You can test your urine while trying to get into ketosis to help gauge your progress as well, using these urine sticks. Start testing on day 4 of eating very low carbohydrate.
The first four days of transition are typically difficult. Those starting a keto diet may experience tiredness, headaches, increased hunger, light headedness and other issues. This is normal and is part of the process of ridding the body of excess glucose stores and switching to fat burning mode. Making sure to drink plenty of water and have plenty of sodium (ideally from Himilayan pink salt like this) will help reduce some of these symptoms.
While the keto diet can be incredibly beneficial for many people, it is not for everyone and should be approached with caution.
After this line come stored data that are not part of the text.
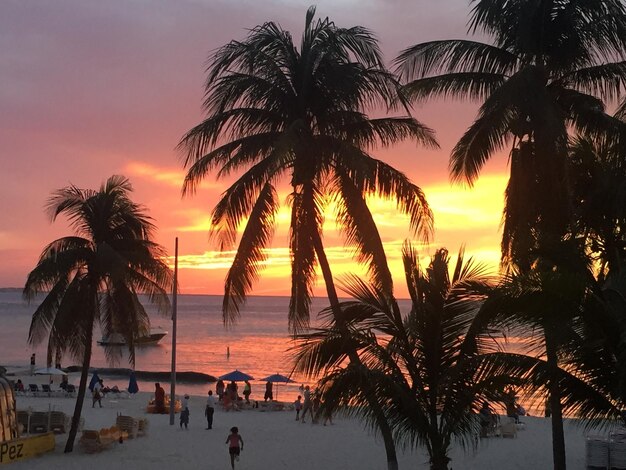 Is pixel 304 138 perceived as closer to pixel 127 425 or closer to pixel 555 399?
pixel 555 399

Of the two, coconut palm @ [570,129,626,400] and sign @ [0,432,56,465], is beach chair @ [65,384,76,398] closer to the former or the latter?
sign @ [0,432,56,465]

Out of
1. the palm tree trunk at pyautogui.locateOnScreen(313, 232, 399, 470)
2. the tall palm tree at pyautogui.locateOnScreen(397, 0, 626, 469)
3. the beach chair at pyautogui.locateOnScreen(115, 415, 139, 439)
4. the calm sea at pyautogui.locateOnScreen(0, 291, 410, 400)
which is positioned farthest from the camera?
the calm sea at pyautogui.locateOnScreen(0, 291, 410, 400)

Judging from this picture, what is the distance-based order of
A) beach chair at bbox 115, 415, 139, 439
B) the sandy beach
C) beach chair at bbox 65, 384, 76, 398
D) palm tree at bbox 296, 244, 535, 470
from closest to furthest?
palm tree at bbox 296, 244, 535, 470, the sandy beach, beach chair at bbox 115, 415, 139, 439, beach chair at bbox 65, 384, 76, 398

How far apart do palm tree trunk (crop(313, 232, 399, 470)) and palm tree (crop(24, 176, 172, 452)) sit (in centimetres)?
661

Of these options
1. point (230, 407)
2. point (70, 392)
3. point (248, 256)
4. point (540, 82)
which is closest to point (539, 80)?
point (540, 82)

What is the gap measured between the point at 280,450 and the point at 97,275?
7122 mm

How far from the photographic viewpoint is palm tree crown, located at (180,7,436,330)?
47.4 feet

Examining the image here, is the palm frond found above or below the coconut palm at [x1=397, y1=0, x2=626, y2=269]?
below

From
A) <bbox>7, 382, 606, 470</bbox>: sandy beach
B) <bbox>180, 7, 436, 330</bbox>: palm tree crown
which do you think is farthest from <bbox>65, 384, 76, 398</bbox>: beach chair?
<bbox>180, 7, 436, 330</bbox>: palm tree crown

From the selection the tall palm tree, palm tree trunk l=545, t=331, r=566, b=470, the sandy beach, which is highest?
the tall palm tree

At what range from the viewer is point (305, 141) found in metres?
14.4

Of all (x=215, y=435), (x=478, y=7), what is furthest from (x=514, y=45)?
(x=215, y=435)

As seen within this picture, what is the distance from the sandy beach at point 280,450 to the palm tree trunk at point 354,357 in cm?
466

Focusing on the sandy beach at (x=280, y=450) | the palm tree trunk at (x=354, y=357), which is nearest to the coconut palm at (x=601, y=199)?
the palm tree trunk at (x=354, y=357) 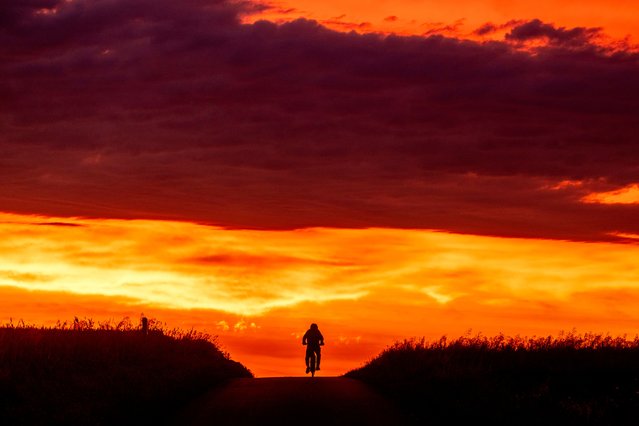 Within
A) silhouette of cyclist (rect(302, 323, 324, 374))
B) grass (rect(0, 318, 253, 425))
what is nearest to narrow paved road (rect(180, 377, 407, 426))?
grass (rect(0, 318, 253, 425))

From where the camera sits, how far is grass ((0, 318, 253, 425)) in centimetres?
1773

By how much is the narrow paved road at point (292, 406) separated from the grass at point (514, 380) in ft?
2.76

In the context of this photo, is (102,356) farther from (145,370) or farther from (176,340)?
(176,340)

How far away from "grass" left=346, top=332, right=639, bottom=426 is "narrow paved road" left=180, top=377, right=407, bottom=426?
0.84 metres

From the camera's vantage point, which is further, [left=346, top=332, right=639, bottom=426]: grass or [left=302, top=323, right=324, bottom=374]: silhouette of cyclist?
[left=302, top=323, right=324, bottom=374]: silhouette of cyclist

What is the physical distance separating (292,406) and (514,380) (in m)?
7.62

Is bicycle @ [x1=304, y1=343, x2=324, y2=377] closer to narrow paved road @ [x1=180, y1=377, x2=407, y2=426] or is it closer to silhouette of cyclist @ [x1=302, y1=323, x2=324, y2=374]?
silhouette of cyclist @ [x1=302, y1=323, x2=324, y2=374]

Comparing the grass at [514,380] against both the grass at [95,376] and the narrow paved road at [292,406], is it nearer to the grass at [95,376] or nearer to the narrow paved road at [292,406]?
the narrow paved road at [292,406]

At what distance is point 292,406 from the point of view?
64.0 ft

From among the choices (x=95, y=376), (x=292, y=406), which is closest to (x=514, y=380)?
(x=292, y=406)

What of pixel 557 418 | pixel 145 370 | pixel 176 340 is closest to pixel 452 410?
pixel 557 418

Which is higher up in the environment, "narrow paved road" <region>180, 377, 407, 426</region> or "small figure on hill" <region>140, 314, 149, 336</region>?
"small figure on hill" <region>140, 314, 149, 336</region>

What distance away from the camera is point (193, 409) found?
19.3 meters

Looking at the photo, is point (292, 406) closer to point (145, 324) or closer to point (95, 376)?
point (95, 376) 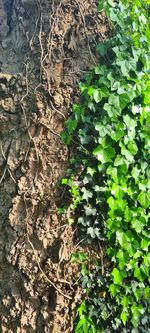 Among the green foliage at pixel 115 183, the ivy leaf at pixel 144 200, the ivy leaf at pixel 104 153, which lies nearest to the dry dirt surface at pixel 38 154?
the green foliage at pixel 115 183

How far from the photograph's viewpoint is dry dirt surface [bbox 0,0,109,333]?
2244 mm

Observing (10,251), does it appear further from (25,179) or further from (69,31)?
(69,31)

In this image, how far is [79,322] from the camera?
2219 mm

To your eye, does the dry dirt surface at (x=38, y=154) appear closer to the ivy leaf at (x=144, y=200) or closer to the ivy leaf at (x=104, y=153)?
the ivy leaf at (x=104, y=153)

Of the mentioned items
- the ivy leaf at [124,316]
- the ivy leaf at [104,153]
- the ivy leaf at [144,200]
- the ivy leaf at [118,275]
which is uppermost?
the ivy leaf at [104,153]

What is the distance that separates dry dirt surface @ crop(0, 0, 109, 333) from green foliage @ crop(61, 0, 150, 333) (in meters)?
0.14

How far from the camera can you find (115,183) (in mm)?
2340

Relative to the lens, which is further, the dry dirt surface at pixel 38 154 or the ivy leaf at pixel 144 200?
the ivy leaf at pixel 144 200

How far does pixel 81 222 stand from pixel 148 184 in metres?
0.61

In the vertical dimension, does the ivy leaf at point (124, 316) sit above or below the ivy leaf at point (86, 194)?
below

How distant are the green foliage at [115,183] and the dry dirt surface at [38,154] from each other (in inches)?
5.4

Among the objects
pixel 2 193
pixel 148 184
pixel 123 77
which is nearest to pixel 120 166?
pixel 148 184

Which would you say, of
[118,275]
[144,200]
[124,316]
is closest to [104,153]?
[144,200]

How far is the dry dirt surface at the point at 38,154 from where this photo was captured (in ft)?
7.36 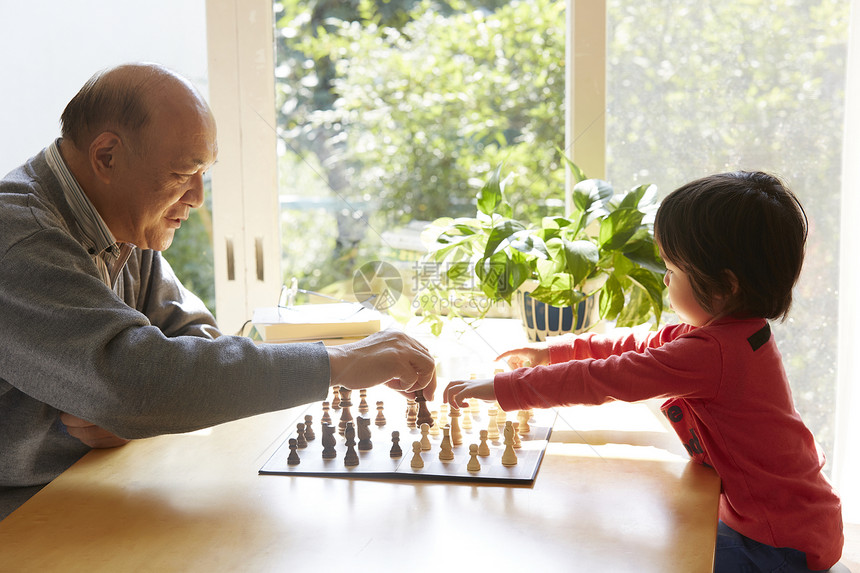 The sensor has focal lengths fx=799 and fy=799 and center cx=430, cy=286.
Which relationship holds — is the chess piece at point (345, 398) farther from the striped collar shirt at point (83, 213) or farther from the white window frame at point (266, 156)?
the white window frame at point (266, 156)

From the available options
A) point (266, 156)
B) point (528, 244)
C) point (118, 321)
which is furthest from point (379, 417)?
point (266, 156)

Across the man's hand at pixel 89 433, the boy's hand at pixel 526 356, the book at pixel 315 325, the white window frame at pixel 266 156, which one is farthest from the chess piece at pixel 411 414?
the white window frame at pixel 266 156

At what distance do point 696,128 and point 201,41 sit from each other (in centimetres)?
143

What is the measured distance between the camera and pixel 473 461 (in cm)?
118

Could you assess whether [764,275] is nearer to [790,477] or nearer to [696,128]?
[790,477]

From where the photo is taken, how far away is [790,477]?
1271 mm

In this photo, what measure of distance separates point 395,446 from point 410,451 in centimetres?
3

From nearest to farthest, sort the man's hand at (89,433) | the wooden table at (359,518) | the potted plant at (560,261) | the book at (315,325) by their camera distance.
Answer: the wooden table at (359,518), the man's hand at (89,433), the book at (315,325), the potted plant at (560,261)

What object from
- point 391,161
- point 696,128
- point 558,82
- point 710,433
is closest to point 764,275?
point 710,433

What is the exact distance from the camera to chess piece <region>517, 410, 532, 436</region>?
1.36 m

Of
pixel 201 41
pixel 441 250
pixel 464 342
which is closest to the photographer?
pixel 464 342

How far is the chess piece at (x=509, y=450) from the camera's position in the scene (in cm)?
120

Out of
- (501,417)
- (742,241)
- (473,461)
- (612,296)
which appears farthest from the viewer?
(612,296)

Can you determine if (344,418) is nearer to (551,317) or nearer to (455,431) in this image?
(455,431) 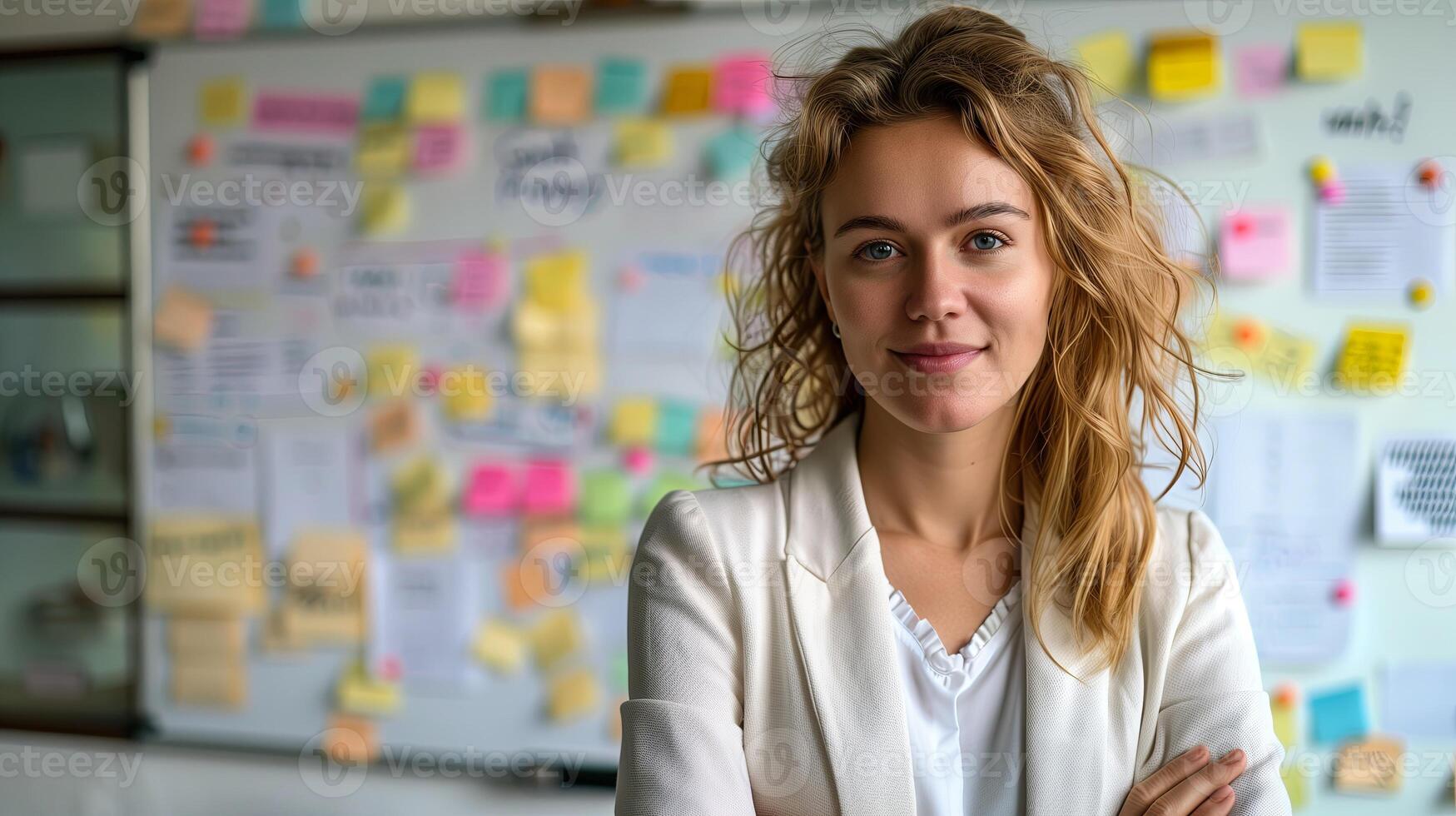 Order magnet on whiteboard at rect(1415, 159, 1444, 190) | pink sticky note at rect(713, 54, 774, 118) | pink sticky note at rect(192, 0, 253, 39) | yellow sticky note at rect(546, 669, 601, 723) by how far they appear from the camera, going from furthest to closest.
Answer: pink sticky note at rect(192, 0, 253, 39)
yellow sticky note at rect(546, 669, 601, 723)
pink sticky note at rect(713, 54, 774, 118)
magnet on whiteboard at rect(1415, 159, 1444, 190)

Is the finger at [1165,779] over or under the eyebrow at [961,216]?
under

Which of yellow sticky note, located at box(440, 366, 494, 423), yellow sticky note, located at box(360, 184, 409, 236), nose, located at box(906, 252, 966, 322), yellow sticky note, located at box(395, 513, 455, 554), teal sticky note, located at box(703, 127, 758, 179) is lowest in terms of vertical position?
yellow sticky note, located at box(395, 513, 455, 554)

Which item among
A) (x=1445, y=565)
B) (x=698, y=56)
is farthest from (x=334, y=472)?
(x=1445, y=565)

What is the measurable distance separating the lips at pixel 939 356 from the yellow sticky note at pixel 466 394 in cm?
121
Here is what the keto diet should not be : extremely high in saturated fat (yes, grass fed butter is wonderful, but switch up the fats and get some monounsaturated fats too like olive oil), heavy on protein (mountains of bacon won’t help you lose weight), full of low-quality foods and fast foods (sure you can eat fast food burger patties, cheese, and mayonnaise but should you?), an excuse to eat no vegetables or to starve yourself.
Intermittent fasting, a typical practice among ketogenic dieters, is a topic for another day, but it can be done in a healthy way.
A qualified nutritionist can help you figure out the ins and outs and make sure you are very successful. This diet is typically uncomfortable for a period of time and you may as well get as much fat loss out of it as you can!